Isabel Álvarez Montes, II marquesa de Valderas y II duquesa de Castro Enríquez
1868. Óleo sobre lienzo, 202 x 126 cm. No expuestoEntre las numerosas efigies femeninas de aparato pintadas por Federico a lo largo de su carrera, reservadas debido a su importante formato a la ornamentación de las grandes residencias de la aristocracia isabelina, se encuentran algunos de los lienzos más espectaculares realizados por el artista, de los que el Prado conserva este espléndido retrato, perteneciente ya a la plena madurez de su estilo. En él se advierte claramente una mayor libertad de ejecución traducida en una riqueza pictórica profunda y jugosa, atenta ya a una visión realista del género, plenamente implantado por esos años en la pintura española. La joven dama está representada de cuerpo entero, con un magnífico vestido blanco de tul con adornos azules de raso y ancho escote, que deja al descubierto los hombros, destacándose su figura en la penumbra de un lujoso salón. Retratada a los veinte años, su rostro redondeado, de cejas anchas y rasgos grandes, se adorna con una flor en el cabello, pendientes y collar de perlas, luciendo además gruesos y suntuosos brazaletes, de uno de los cuales pende un medallón con la inicial coronada de su título de duquesa de Castro Enríquez, a juego con el broche ovalado que lleva en el pecho. Con una mano juguetea con una de sus pulseras, mientras con la otra sujeta un pañuelo de encaje.
A pesar de la extraordinaria delicadeza con que están tratadas las calidades táctiles de los tejidos del traje, como la trasparencia del tul que cae con abundantes pliegues sobre la falda o las rosetas de raso que lo adornan, el retrato está resuelto con una técnica briosa y sintética, casi abocetada en ciertas zonas, de gran efecto pictórico, lo que quizá responda -al menos en algunos fragmentos- a la intervención de su hijo Raimundo, según consta en la agenda-diario de Federico correspondiente a 1868. En ella se da cumplida cuenta de los avances en el retrato, que pintó en nueve sesiones entre el 30 de enero y el 9 de abril de ese año, mencionándose en las primeras anotaciones a la modelo como Señorita de Gaviria, por su parentesco con Manuel de Gaviria y Alcoba, marqués de Casa Gaviria y conde de Buena Esperanza, casado con su tía, de quien la retratada heredaría el título de duquesa de Castro Enríquez.
Curiosamente, entre el lujoso mobiliario que adorna la estancia para realzar la vistosidad del retrato, Federico recreó sobre la rica consola del fondo la pieza de orfebrería más famosa del llamado Tesoro del Delfín, que se guarda en el Museo del Prado desde su fundación.

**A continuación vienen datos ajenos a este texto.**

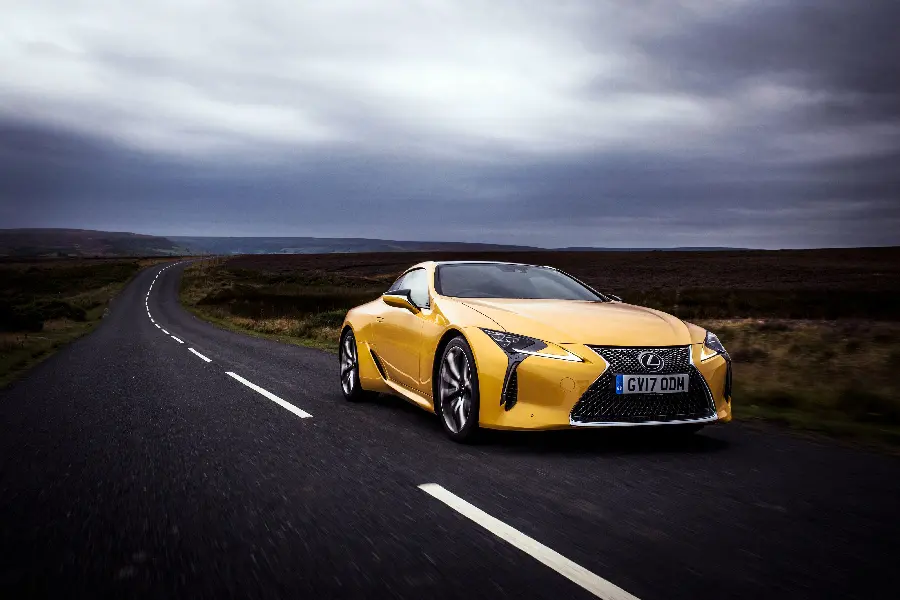 Stock image of a bright yellow Lexus LC 500 on a street with a dark cloudy sky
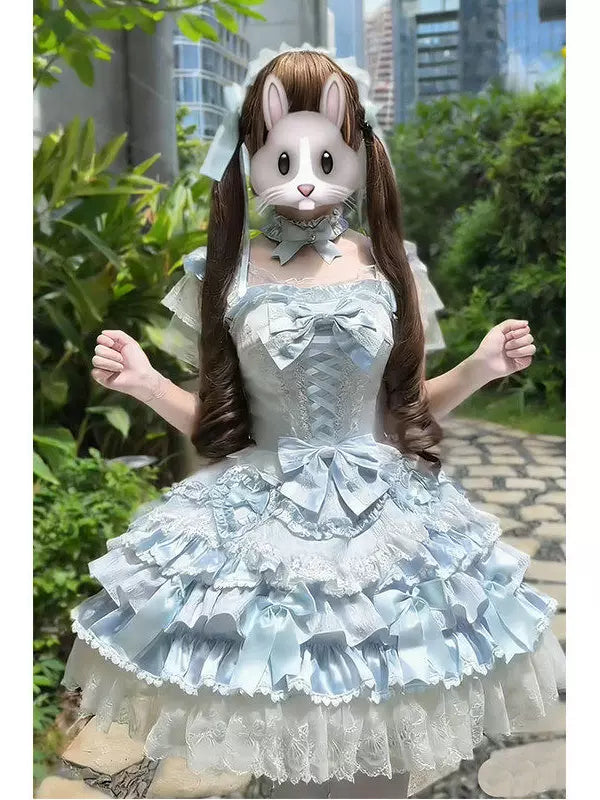 Model wearing a pale-blue layered Lolita dress set with bows and lace.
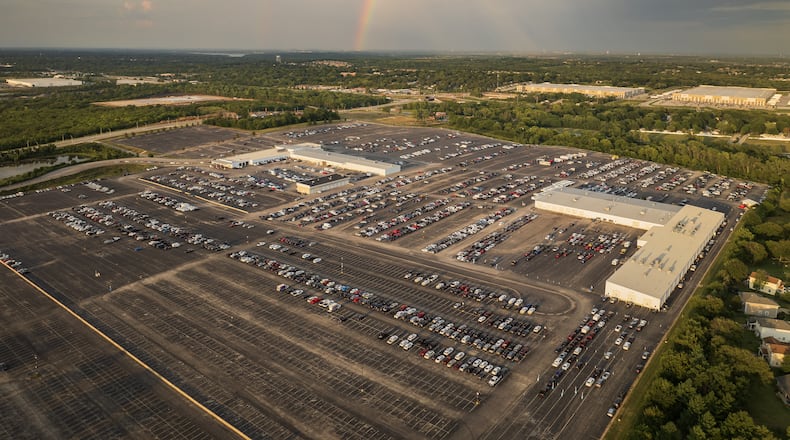 This is a photo of Carvana's ADESA wholesale auction site in Fairburn, which will undergo an expansion to incorporate inspection and reconditioning capabilities. The expansion will involve hiring about 200 new workers.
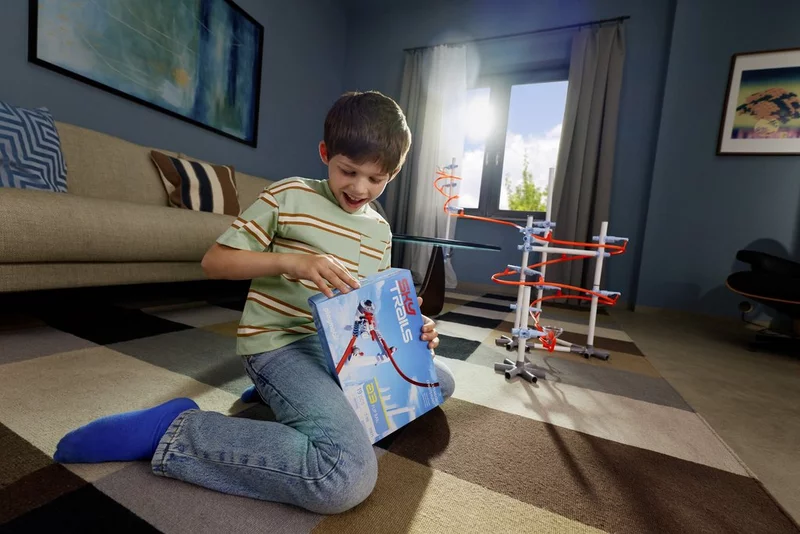 Junge sitzt auf dem Wohnzimmerteppich und öffnet begeistert eine SKY TRAILS Box von Playmobil.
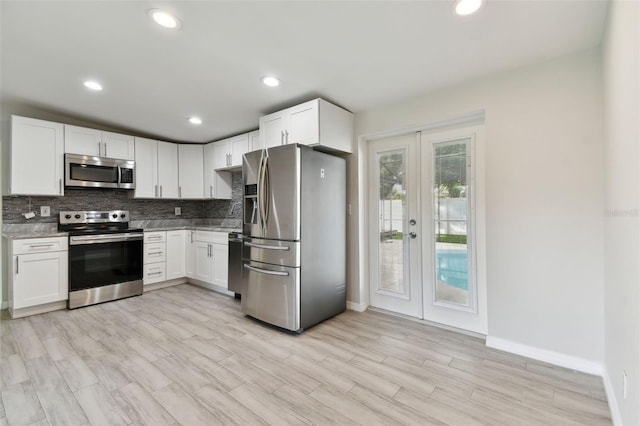 kitchen with recessed lighting, white cabinetry, french doors, appliances with stainless steel finishes, and decorative backsplash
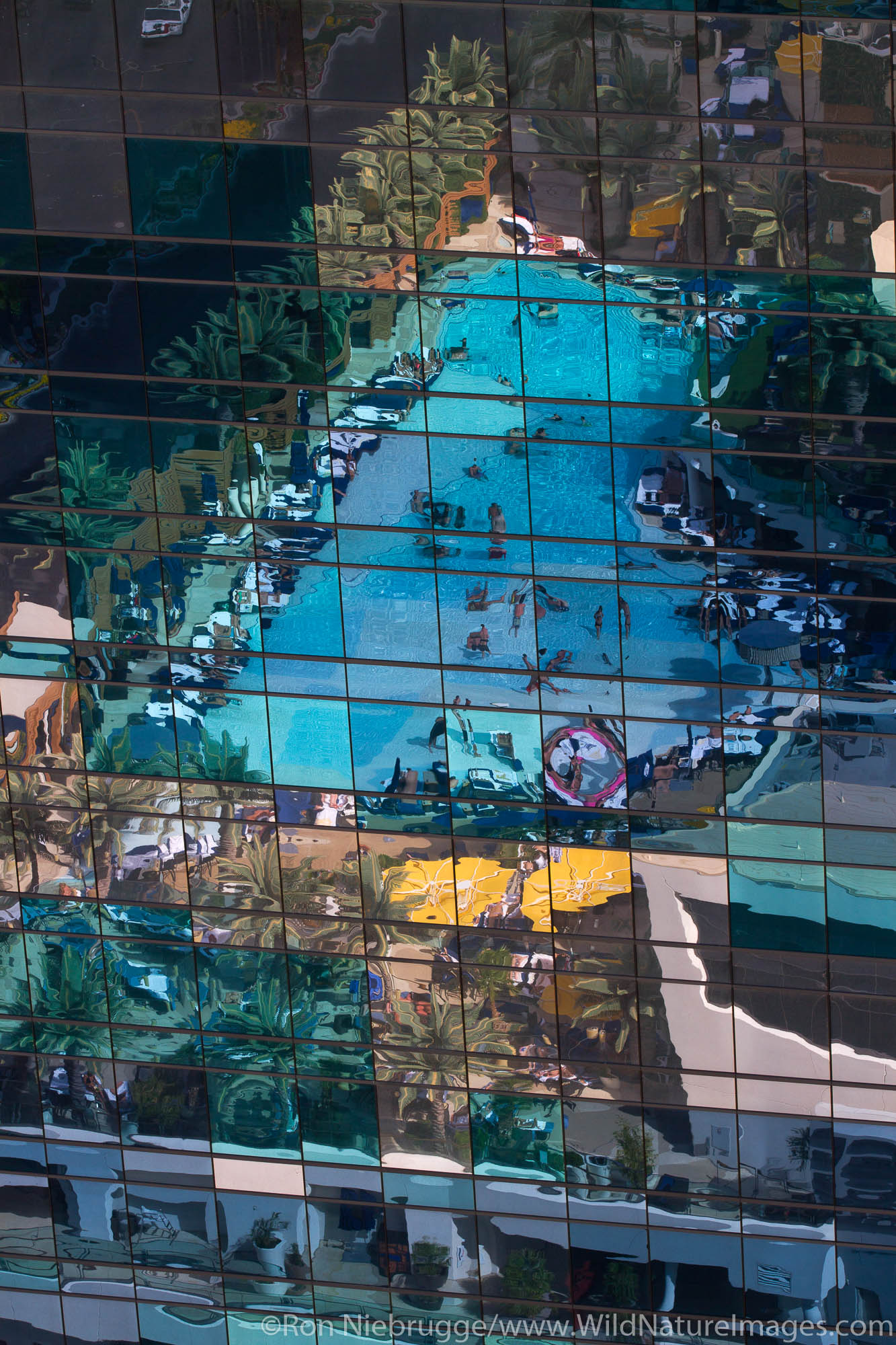 The pool of The Cosmopolitan Hotel and Casino reflect in a nearby building in City Center, Las Vegas, Nevada.
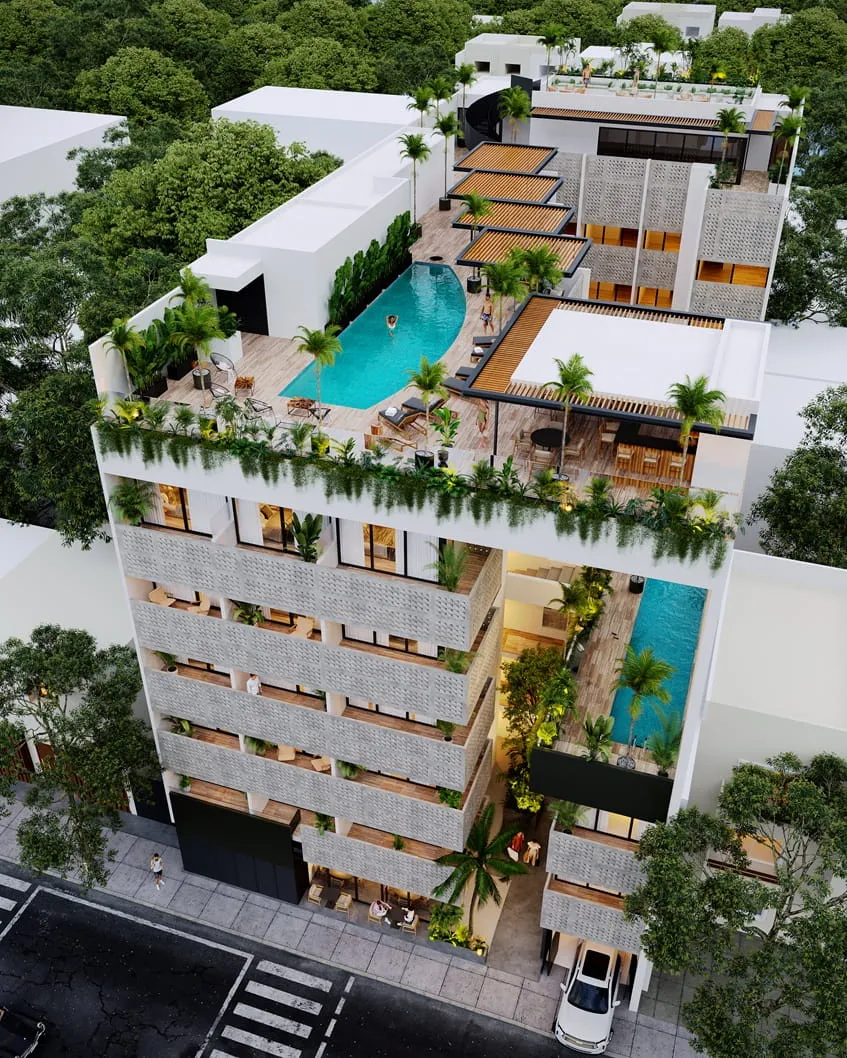fachada-maresol-playa-estudios-playa-del-carmen una vista aerea de un edificio nuevo en maresol playa estudios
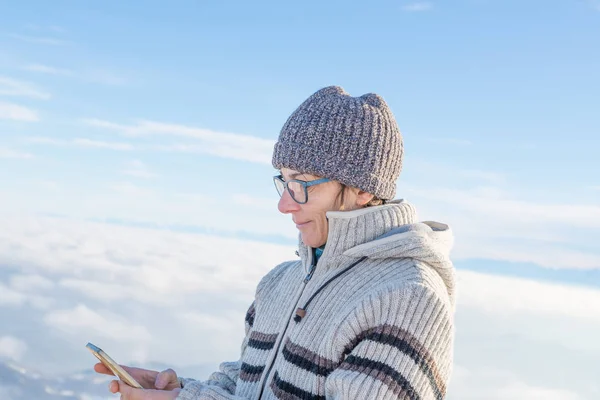 Uma mulher a usar um telefone inteligente nas montanhas. Vista panorâmica dos Alpes cobertos de neve na estação fria de inverno. Conceito de compartilhar momentos de vida usando novas tecnologias . — Fotografia de Stock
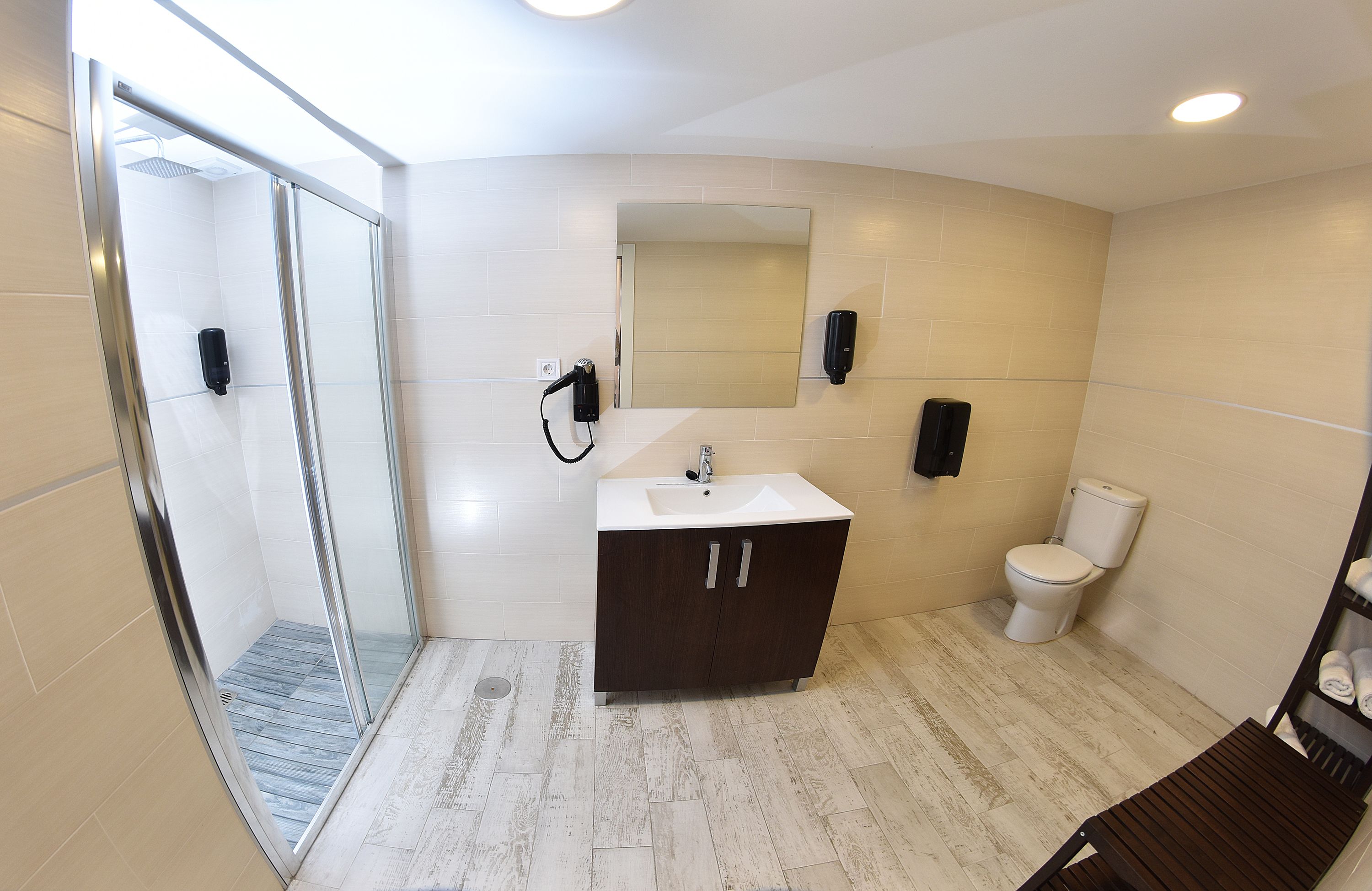 Un baño moderno con cabina de ducha de vidrio, lavamanos blanco, mueble de madera oscura y retrete blanco.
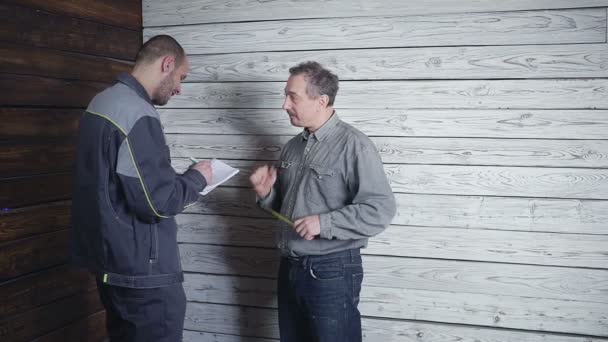 The customer merges with the builder about the repair of his room on the background of a wooden wall. The customer wants to have a wardrobe — Stock Video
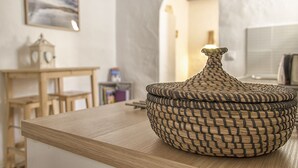 Una cesta tejida sobre una mesa de madera en una habitación con pared de mármol y un cuadro.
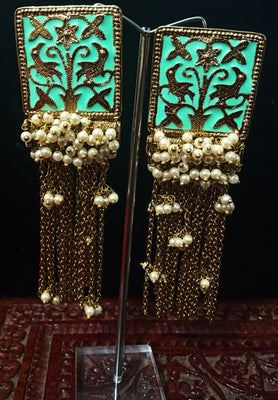 Classy earring with delicate work of pearl and  Meenakari work meant to put your fashion quotient higher .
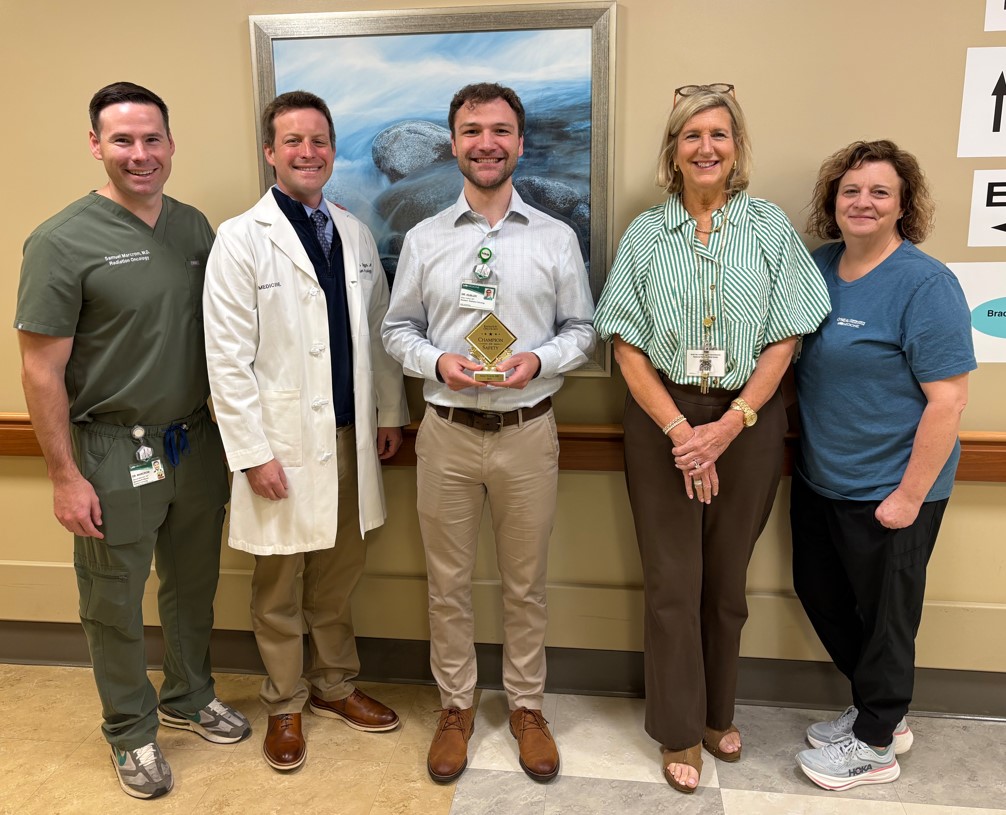 Five people standing in a hallway with champion of safety, Adam Hubler, holding a plaque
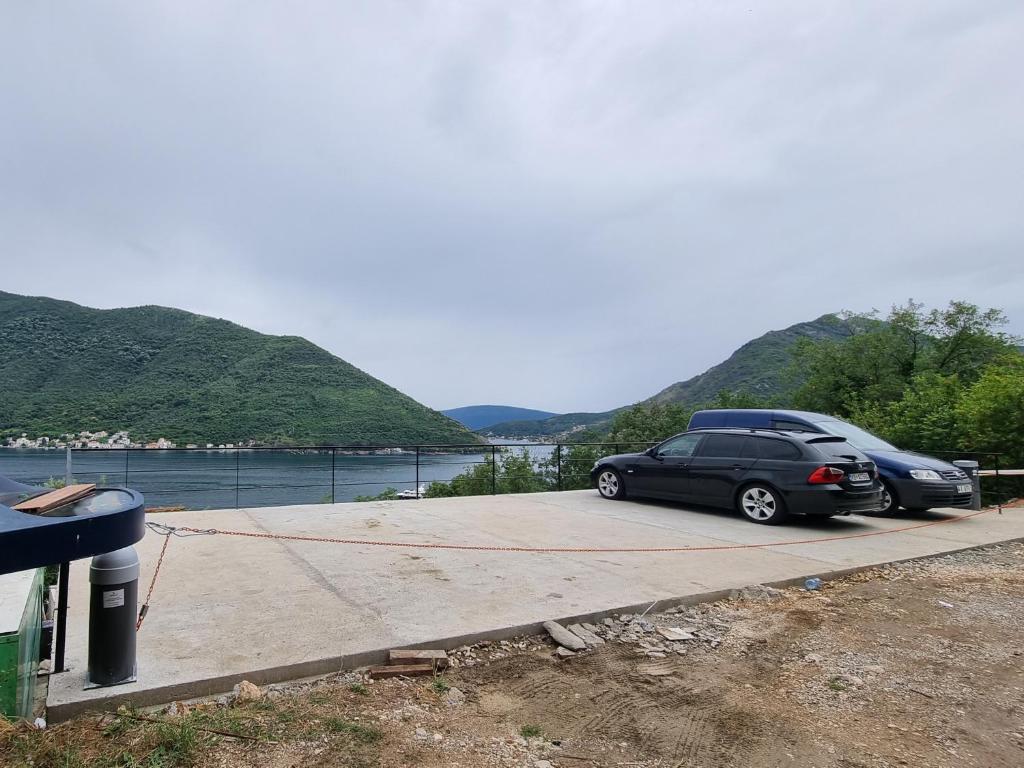 two cars parked in a parking lot next to a body of water at Casa Vita Nova in Perast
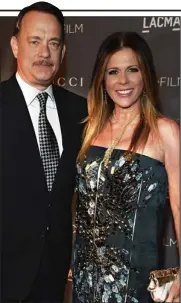  ??  ?? Dedicated actor: Hanks with wife Rita Wilson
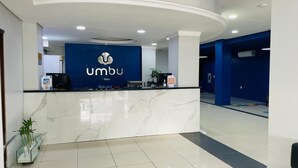 A reception area with a marble counter, a blue wall with the logo 'umbu', and a potted plant. - Umbu Hotel Porto Alegre (Porto Alegre)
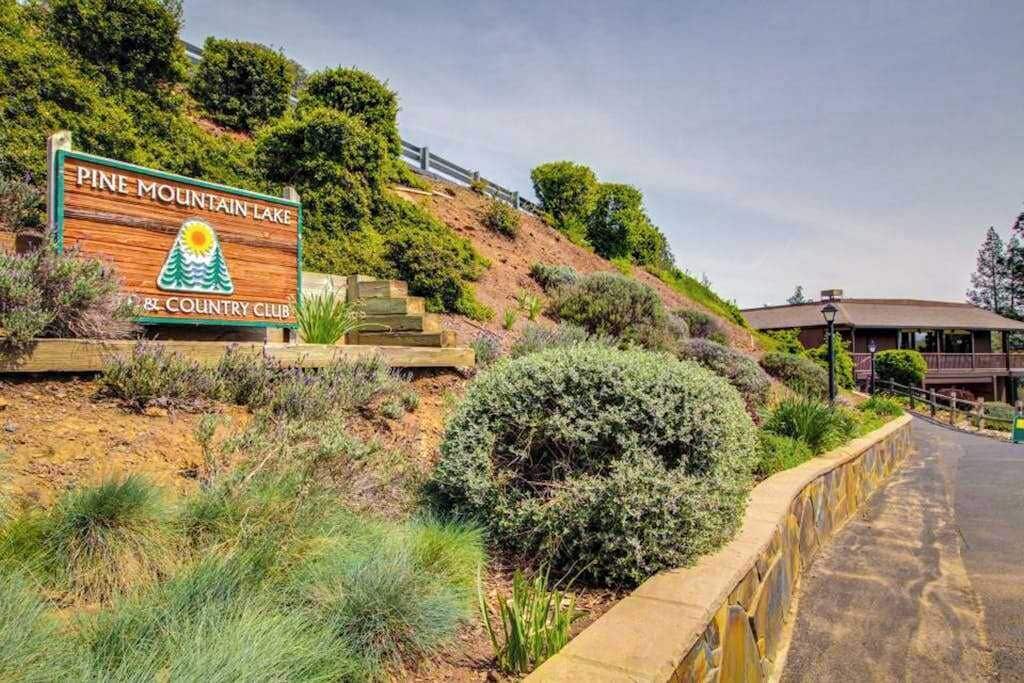 A sign for Pine Mountain Lake Country Club with a landscaped area and a building in the background.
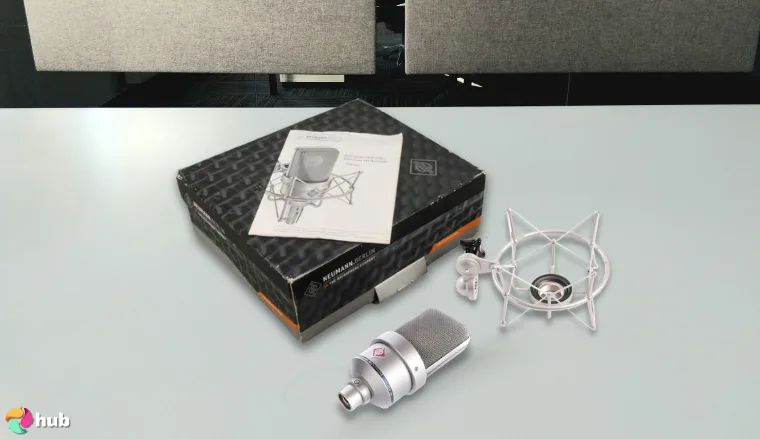 Neumann TLM 103 Microphone on a white office desk in a top-down view for a review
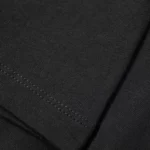 Black fabric with visible stitching detail, highlighting the texture and quality of the material.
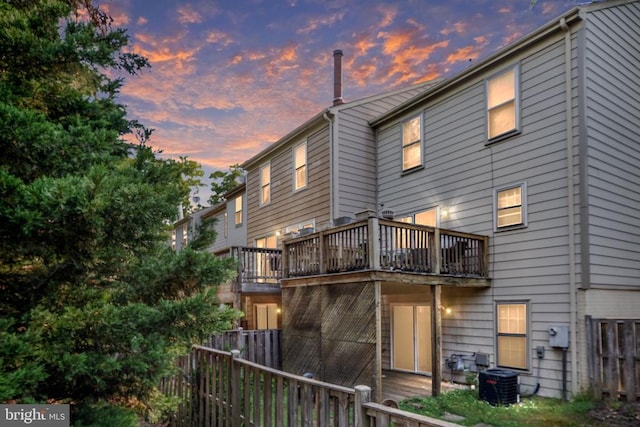 10718 Brice Ct, Fredericksburg, VA 22407 - back of house at dusk with fence, central air condition unit, and a wooden deck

Se trata de un bellísimo salero de ónice y oro con incrustaciones, obra francesa de la primera mitad del siglo XVI que Madrazo pudo copiar del natural, ya que desde 1860 era director del Prado y tenía, por tanto, acceso privilegiado a sus colecciones (Texto extractado de Díez, J. L. en: El siglo XIX en el Prado, Museo Nacional del Prado, 2007, pp. 182-184).